— Work task —
Restate the listing below word for word. No picture belongs in the result.

— Data —

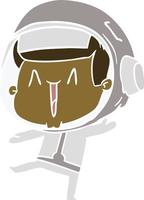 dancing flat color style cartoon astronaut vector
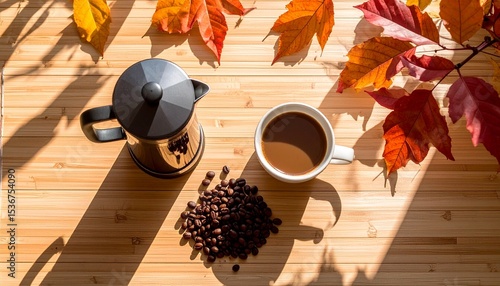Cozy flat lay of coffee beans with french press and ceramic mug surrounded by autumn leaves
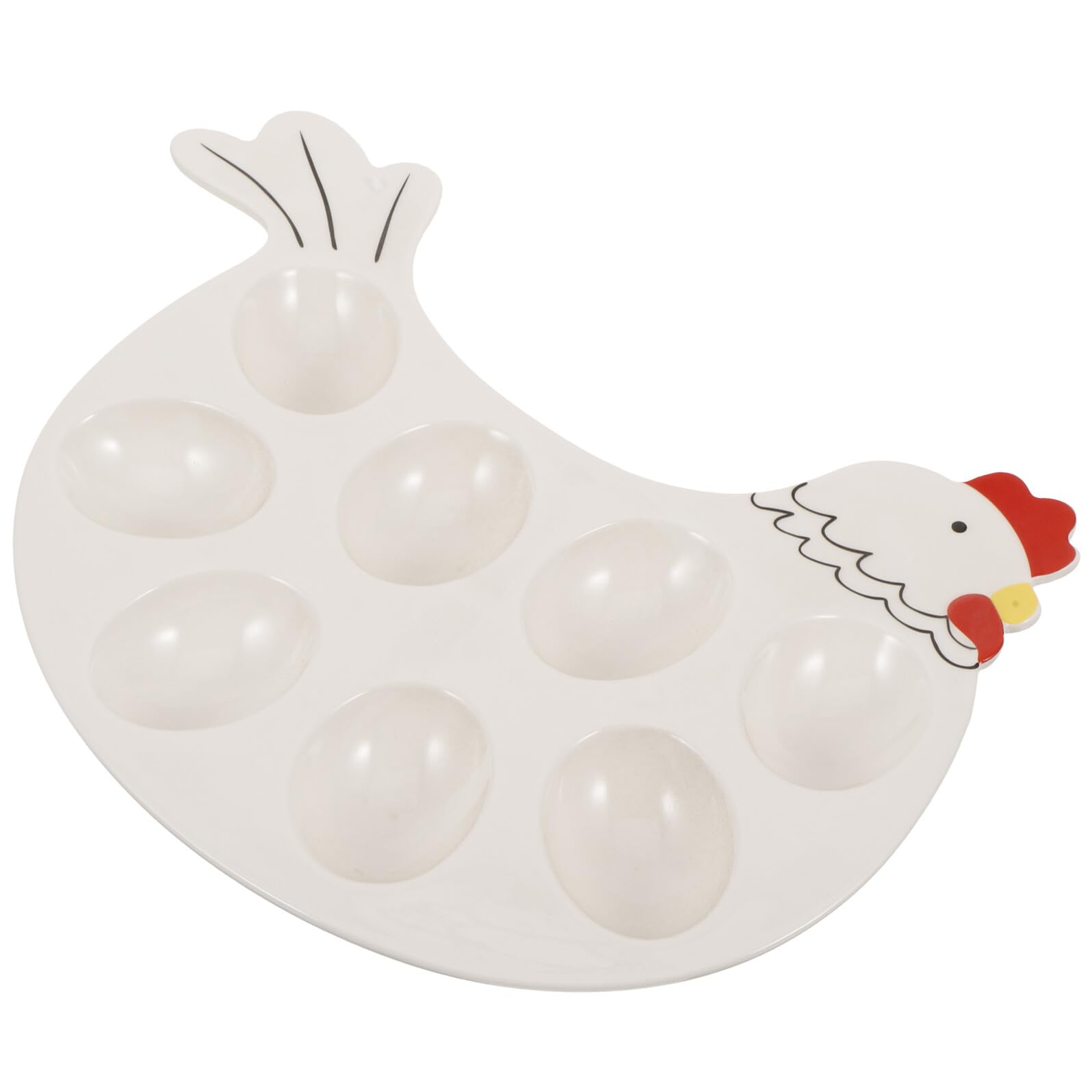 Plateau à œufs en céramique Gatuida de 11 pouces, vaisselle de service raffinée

— Answer below —
 dancing flat color style cartoon astronaut vector
Cozy flat lay of coffee beans with french press and ceramic mug surrounded by autumn leaves
 Plateau à œufs en céramique Gatuida de 11 pouces, vaisselle de service raffinée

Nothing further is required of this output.